◆ Instructions for the task: When you reach the line containing "Brave Sticker | Artistshot", include it and stop; until then, return each line of the material exactly, starting with the first.
----------
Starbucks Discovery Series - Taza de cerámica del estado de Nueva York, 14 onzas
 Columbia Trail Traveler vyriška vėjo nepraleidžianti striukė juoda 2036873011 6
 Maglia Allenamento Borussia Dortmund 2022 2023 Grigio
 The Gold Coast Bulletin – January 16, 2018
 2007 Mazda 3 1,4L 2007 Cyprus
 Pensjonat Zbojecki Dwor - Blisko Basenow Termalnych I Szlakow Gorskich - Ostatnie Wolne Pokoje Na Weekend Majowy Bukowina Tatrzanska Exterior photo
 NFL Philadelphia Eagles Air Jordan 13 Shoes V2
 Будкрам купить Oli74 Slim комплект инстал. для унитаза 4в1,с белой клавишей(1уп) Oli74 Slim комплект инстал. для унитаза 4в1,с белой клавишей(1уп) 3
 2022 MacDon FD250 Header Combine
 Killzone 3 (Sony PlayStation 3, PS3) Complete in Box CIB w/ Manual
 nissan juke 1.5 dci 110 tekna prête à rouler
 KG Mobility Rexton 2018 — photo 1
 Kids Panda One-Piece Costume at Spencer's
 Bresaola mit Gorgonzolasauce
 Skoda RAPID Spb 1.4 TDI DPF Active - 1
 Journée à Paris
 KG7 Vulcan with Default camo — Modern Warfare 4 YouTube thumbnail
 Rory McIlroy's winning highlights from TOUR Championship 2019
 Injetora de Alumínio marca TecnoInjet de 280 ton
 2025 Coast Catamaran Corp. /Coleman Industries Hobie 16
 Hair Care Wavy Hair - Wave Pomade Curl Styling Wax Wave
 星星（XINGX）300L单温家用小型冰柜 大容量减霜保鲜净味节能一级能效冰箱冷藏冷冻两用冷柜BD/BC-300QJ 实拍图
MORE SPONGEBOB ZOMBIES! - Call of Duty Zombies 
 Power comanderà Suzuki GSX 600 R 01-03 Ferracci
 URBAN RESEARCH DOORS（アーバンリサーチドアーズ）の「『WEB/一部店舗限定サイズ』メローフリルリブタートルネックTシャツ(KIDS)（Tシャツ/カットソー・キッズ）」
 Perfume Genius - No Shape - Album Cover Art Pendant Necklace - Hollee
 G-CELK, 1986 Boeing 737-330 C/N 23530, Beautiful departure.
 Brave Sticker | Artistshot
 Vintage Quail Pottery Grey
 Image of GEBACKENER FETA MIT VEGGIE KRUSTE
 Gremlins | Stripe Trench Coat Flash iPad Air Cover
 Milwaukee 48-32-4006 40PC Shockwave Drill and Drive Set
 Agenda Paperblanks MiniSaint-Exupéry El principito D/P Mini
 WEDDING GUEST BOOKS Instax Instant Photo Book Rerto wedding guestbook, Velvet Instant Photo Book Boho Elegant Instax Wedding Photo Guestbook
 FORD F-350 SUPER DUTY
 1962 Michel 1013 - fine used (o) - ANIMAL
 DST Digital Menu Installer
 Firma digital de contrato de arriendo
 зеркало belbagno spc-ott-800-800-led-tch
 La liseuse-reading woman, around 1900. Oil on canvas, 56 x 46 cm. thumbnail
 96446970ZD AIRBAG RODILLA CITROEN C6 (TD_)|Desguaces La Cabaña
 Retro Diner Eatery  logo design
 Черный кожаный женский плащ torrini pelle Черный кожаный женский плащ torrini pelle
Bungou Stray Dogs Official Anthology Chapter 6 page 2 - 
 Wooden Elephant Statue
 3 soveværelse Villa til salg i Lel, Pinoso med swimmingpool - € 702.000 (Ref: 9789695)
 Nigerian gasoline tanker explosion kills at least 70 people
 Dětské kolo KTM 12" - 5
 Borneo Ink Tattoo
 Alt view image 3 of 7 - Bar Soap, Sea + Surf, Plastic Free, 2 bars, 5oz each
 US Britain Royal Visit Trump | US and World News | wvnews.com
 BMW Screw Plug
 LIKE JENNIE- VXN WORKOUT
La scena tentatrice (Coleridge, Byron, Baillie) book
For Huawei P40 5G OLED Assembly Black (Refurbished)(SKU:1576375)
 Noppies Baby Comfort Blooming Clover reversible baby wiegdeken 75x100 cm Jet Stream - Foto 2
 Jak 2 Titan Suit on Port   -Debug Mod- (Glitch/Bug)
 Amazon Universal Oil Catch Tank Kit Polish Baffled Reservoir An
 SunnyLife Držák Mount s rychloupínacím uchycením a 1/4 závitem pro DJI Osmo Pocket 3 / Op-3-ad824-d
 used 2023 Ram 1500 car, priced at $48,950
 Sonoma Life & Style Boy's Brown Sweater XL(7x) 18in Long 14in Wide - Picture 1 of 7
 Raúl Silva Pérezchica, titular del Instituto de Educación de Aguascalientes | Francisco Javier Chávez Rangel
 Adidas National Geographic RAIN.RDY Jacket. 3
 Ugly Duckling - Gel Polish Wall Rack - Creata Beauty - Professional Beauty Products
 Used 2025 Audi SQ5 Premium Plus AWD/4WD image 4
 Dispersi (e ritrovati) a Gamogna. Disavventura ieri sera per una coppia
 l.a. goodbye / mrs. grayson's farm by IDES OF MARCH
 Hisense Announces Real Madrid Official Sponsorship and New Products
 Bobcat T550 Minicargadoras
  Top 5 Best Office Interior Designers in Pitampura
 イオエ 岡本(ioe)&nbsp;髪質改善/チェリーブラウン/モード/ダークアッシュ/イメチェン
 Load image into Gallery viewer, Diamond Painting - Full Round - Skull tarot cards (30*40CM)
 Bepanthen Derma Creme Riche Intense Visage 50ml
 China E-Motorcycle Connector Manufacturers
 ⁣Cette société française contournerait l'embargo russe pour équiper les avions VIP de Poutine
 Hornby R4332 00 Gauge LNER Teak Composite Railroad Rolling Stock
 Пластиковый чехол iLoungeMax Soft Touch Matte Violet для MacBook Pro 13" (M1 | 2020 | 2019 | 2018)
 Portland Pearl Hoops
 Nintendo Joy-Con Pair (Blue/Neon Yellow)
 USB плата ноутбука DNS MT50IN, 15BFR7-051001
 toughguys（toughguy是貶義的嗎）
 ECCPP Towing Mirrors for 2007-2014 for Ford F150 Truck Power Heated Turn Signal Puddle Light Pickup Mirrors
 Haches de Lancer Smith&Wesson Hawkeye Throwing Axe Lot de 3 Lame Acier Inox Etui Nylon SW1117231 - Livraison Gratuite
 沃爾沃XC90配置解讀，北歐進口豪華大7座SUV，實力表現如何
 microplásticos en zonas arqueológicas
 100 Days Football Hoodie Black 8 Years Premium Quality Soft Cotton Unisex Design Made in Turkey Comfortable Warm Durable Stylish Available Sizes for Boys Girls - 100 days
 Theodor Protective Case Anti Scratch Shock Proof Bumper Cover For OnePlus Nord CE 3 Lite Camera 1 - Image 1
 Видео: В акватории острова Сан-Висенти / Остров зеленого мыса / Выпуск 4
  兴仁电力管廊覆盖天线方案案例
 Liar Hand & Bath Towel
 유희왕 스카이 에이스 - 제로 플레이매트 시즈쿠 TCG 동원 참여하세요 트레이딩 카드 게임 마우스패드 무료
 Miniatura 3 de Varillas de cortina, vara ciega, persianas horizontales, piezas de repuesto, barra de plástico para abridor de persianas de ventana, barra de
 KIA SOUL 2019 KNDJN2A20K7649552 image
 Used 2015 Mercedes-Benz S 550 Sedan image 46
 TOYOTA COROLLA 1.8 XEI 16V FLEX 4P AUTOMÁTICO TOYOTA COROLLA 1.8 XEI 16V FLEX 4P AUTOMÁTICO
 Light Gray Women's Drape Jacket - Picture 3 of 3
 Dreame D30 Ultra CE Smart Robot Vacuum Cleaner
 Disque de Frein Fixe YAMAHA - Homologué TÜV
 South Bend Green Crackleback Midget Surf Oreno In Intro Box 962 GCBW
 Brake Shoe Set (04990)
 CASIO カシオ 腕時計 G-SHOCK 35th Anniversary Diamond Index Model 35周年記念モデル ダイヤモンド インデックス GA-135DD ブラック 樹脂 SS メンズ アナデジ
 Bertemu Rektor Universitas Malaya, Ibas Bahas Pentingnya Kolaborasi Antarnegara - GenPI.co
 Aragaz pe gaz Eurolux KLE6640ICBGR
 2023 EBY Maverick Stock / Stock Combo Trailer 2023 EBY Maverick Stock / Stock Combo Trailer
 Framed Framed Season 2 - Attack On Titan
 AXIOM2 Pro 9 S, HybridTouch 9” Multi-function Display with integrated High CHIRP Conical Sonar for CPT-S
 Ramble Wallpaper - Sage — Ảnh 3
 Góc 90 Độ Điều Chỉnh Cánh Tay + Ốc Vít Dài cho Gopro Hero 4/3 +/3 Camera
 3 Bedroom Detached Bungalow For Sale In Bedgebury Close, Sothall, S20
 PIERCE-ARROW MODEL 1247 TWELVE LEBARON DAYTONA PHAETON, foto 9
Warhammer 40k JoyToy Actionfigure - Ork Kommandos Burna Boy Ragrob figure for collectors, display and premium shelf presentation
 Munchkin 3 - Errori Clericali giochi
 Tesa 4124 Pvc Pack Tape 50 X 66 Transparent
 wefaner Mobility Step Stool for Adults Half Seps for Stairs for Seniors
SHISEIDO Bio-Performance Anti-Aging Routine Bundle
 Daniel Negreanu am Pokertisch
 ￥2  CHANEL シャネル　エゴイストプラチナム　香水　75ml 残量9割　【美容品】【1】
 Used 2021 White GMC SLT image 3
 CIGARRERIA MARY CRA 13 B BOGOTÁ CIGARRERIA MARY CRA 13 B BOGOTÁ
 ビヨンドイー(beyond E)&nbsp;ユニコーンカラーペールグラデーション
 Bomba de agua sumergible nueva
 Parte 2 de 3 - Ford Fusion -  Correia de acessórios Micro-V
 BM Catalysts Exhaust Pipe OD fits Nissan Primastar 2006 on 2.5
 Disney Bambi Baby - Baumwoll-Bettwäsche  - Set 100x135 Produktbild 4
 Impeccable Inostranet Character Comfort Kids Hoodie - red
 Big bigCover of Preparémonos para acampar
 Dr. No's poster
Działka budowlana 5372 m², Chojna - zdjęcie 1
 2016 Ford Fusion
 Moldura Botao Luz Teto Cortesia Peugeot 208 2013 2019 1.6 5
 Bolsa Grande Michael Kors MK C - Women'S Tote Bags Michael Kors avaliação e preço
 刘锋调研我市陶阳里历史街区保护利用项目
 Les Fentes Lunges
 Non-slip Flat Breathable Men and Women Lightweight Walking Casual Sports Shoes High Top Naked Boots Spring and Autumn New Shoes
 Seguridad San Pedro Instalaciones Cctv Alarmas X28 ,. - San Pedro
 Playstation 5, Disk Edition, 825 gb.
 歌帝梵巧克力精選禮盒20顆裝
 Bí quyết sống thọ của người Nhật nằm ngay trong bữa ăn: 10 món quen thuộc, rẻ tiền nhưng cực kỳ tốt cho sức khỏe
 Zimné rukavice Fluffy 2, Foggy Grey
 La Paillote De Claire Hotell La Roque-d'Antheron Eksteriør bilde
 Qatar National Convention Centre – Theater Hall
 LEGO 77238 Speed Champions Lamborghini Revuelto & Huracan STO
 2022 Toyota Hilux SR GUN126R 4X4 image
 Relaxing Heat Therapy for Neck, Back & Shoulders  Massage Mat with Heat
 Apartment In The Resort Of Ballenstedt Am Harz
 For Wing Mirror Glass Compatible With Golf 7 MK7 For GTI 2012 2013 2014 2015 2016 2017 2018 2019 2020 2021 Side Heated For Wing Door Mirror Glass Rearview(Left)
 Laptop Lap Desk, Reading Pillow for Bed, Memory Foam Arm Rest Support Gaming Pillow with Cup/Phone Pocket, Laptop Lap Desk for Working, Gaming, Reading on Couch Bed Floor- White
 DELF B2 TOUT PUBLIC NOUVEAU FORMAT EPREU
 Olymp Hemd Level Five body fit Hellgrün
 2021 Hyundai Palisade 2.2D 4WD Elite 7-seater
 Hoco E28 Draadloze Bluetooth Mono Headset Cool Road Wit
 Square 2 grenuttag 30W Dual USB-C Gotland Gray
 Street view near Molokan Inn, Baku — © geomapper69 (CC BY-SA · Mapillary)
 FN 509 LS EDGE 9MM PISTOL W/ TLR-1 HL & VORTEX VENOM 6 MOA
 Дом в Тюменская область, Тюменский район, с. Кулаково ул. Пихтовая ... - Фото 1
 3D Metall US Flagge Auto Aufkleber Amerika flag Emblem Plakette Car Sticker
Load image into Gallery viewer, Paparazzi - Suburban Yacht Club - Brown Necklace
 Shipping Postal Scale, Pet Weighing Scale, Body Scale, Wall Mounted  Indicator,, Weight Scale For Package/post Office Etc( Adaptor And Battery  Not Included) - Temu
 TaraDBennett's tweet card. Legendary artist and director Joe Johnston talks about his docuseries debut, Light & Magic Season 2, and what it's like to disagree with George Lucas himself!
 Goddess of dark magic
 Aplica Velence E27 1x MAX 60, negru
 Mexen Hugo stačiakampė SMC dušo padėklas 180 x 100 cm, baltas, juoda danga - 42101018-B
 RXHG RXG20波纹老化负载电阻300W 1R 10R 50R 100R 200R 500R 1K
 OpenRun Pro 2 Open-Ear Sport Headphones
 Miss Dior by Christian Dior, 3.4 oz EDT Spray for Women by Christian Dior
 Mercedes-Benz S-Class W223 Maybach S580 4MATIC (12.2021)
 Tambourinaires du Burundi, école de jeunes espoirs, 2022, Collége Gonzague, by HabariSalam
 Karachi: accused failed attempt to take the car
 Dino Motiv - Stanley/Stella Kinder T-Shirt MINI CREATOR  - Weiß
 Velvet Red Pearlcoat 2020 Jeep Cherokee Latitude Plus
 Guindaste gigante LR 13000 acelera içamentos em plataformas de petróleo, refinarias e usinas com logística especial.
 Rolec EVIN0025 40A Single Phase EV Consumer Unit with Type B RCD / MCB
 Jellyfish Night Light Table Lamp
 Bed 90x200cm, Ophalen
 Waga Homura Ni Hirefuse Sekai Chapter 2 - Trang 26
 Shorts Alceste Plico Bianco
----------
◆ Task answer:
Starbucks Discovery Series - Taza de cerámica del estado de Nueva York, 14 onzas
 Columbia Trail Traveler vyriška vėjo nepraleidžianti striukė juoda 2036873011 6
 Maglia Allenamento Borussia Dortmund 2022 2023 Grigio
 The Gold Coast Bulletin – January 16, 2018
 2007 Mazda 3 1,4L 2007 Cyprus
 Pensjonat Zbojecki Dwor - Blisko Basenow Termalnych I Szlakow Gorskich - Ostatnie Wolne Pokoje Na Weekend Majowy Bukowina Tatrzanska Exterior photo
 NFL Philadelphia Eagles Air Jordan 13 Shoes V2
 Будкрам купить Oli74 Slim комплект инстал. для унитаза 4в1,с белой клавишей(1уп) Oli74 Slim комплект инстал. для унитаза 4в1,с белой клавишей(1уп) 3
 2022 MacDon FD250 Header Combine
 Killzone 3 (Sony PlayStation 3, PS3) Complete in Box CIB w/ Manual
 nissan juke 1.5 dci 110 tekna prête à rouler
 KG Mobility Rexton 2018 — photo 1
 Kids Panda One-Piece Costume at Spencer's
 Bresaola mit Gorgonzolasauce
 Skoda RAPID Spb 1.4 TDI DPF Active - 1
 Journée à Paris
 KG7 Vulcan with Default camo — Modern Warfare 4 YouTube thumbnail
 Rory McIlroy's winning highlights from TOUR Championship 2019
 Injetora de Alumínio marca TecnoInjet de 280 ton
 2025 Coast Catamaran Corp. /Coleman Industries Hobie 16
 Hair Care Wavy Hair - Wave Pomade Curl Styling Wax Wave
 星星（XINGX）300L单温家用小型冰柜 大容量减霜保鲜净味节能一级能效冰箱冷藏冷冻两用冷柜BD/BC-300QJ 实拍图
MORE SPONGEBOB ZOMBIES! - Call of Duty Zombies 
 Power comanderà Suzuki GSX 600 R 01-03 Ferracci
 URBAN RESEARCH DOORS（アーバンリサーチドアーズ）の「『WEB/一部店舗限定サイズ』メローフリルリブタートルネックTシャツ(KIDS)（Tシャツ/カットソー・キッズ）」
 Perfume Genius - No Shape - Album Cover Art Pendant Necklace - Hollee
 G-CELK, 1986 Boeing 737-330 C/N 23530, Beautiful departure.
 Brave Sticker | Artistshot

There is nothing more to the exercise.